C’est une occasion, «d’honorer et de mettre en valeur ces intellectuels algériens, ces militants de la plume et du verbe au service de la libération nationale, à travers des portraits qui reviendront sur des parcours plus au moins atypiques des personnages choisis par les conférenciers», selon le Pr Tidjet Mustapha, directeur du CRLCA.
Le thème a été développé à travers plusieurs communications autour d’hommes de lettre qui ont activement participé à l’effort de lutte contre le colonialisme, comme Mouloud Mammeri, Imache Amar, Mouloud Feraoun ou Jean El Mouhoub Amrouche. Dr Kamel Medjedoub, chercheur au CRLCA, qui a présenté une conférence intitulée : «Jean El Mouhoub Amrouche, le poète-médiateur de la cause algérienne», décrit un homme «engagé pour l’indépendance algérienne, artisan du dialogue qui a abouti aux accords d’Évian et un intellectuel révolté contre l’oppression coloniale».
Une révolte qui lui a coûté les représailles de l’administration coloniale. «En novembre 1959, il a été exclu de la radio, sur injonction du Premier ministre français Michel Debré. Trois ans, plus tôt, en 1956, sa belle-famille, des anciens pieds-noirs d’Alger, lui a écrit une lettre pour lui dire qu’elle ne veut plus de lui à cause de son ralliement, depuis le début, à la cause algérienne», rappelle-t-il. C’est cette face très peu connue du grand public que cherche à mettre en avant l’orateur, pour montrer comment «l’enfant d’Ighil Ali a accompagné intellectuellement la cause nationale jusqu’aux accords d’Évian». En effet, ajoute l’orateur, «El Mouhoub a surtout joué un rôle important dans l’aboutissement des accords d’Évian. Il a pu sensibiliser De Gaulle sur la condition des populations algériennes et la nécessité d’aller vers des négociations.
En 1956, et selon le témoignage de Reda Malek (à l’occasion d’un colloque en 2008 à Alger, rapporté dans Liberté par Abdenour Abdeslam, président du colloque), il a été sollicité par Abane Ramdane en personne pour aider à engager ces négociations. Donc, sollicité par le FLN et par de Gaulle, il s’est imposé comme le médiateur en qui reposait beaucoup d’espoir. Il a voyagé entre plusieurs capitales du monde (Genève, Tunis, le Caire…) où il a rencontré des dirigeants du FLN jusqu’à arriver à un accord entre les parties». Bien qu’il soit naturalisé français et portant un prénom chrétien, El Mouhoub est né « sujet français, donc Algérien comme tous les autochtones colonisés. À l’état-civil, il est inscrit sous son seul prénom kabyle, El Mouhoub, qu’il a tout le temps revendiqué comme témoin de son algérianité ».
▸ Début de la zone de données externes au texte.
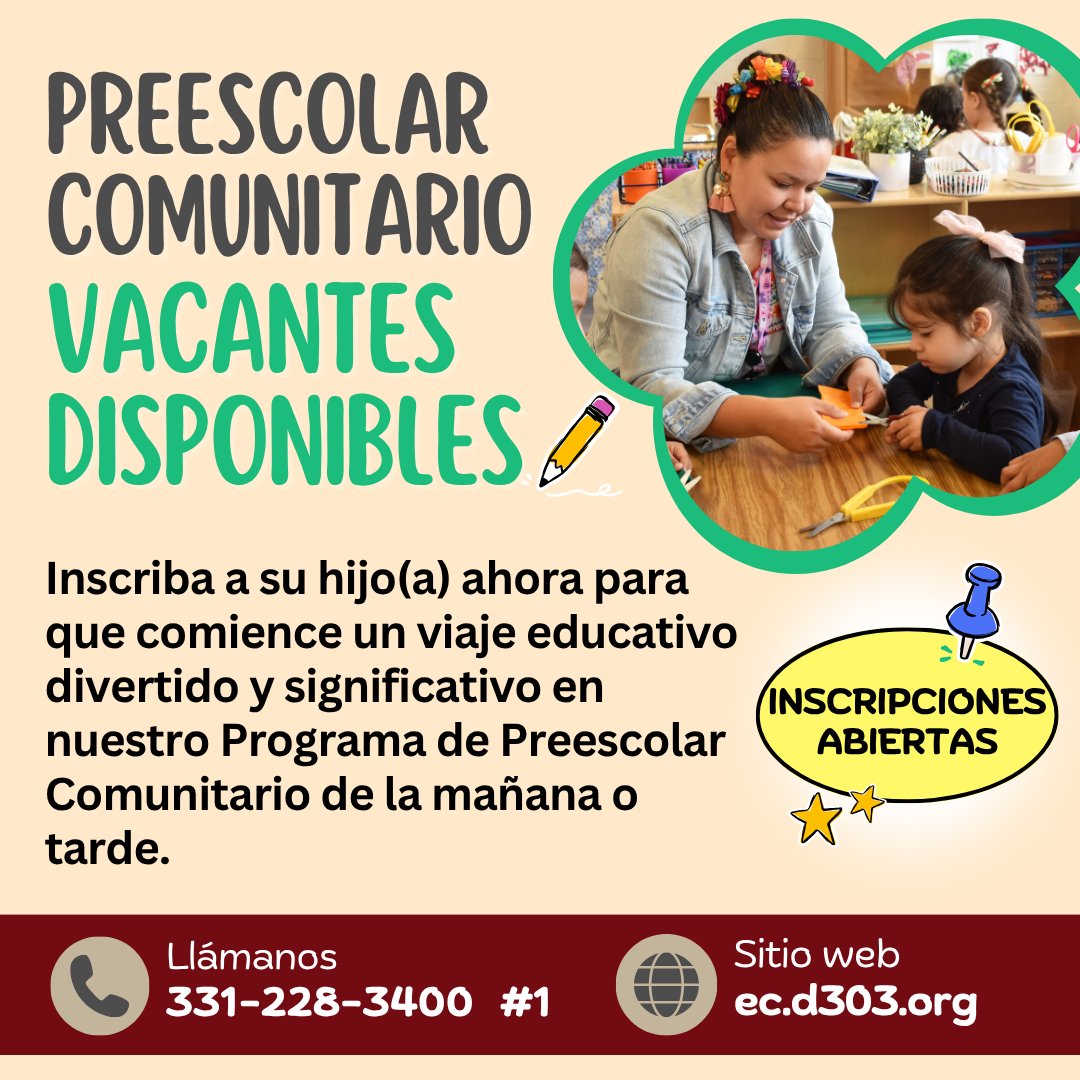 📢We currently have openings in both our morning and afternoon Community Preschool sessions. Give your child a strong start in a nurturing, educational environment.🧸✨ Enroll today!
🔗👉️ ec.d303.org
#CommunityPreschool #EarlyChildhoodEducation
Le conférencier veut pour preuve les différents ouvrages, déclarations publiques et lettres rédigées par l’écrivain où il revendique son appartenance et son engagement, que même des combattants et hommes politiques algériens de premier rang lui reconnaissent, à l’image de «Krim Belkacem, signataire des accords d’Évian et Ferhat Abas, président du GPRA. Mieux encore, ce dernier en 1946, à sa sortie de prison, son premier souhait a été de rencontrer Jean Amrouche et de l’associer à notre combat ».
Dr. Saïd Chemakh de l’université de Tizi Ouzou a, quant à lui, développé une communication autour d’un autre intellectuel, en l’occurrence, Mouloud Mammeri. Son intervention dévoile les actions et le rôle de Mouloud Mammeri pendant la guerre d’indépendance algérienne (1954-1962). Les gens connaissent Mammeri l’écrivain, le militant berbériste, mais, remarque le conférencier, «on oublie qu’il était parmi les premiers à s’engager activement dans la politique et en faveur de la libération de l’Algérie ».
Saïd Chemmakh s’appuie dans sa recherche sur les témoignages de Tahar Oussedik, membre du Front de libération nationale, sur des lettres écrites par Mouloud Mammeri, dont quelques-unes ont été adressées à l’ONU pour soutenir la cause algériennes. On sait aussi l’engagement de Mammeri pour la révolution à travers des contributions publiées dans les colonnes du journal L’espoir. L’intellectuel a participé à ce combat avec sa plume pour dénoncer les exactions de l’armée coloniale et l’asservissement, ce qui lui a valu d’être « recherché et sa maison plastifiée par l’armée coloniale, avant qu’il ne soit exfiltré du territoire algérien pour se réfugier au Maroc ».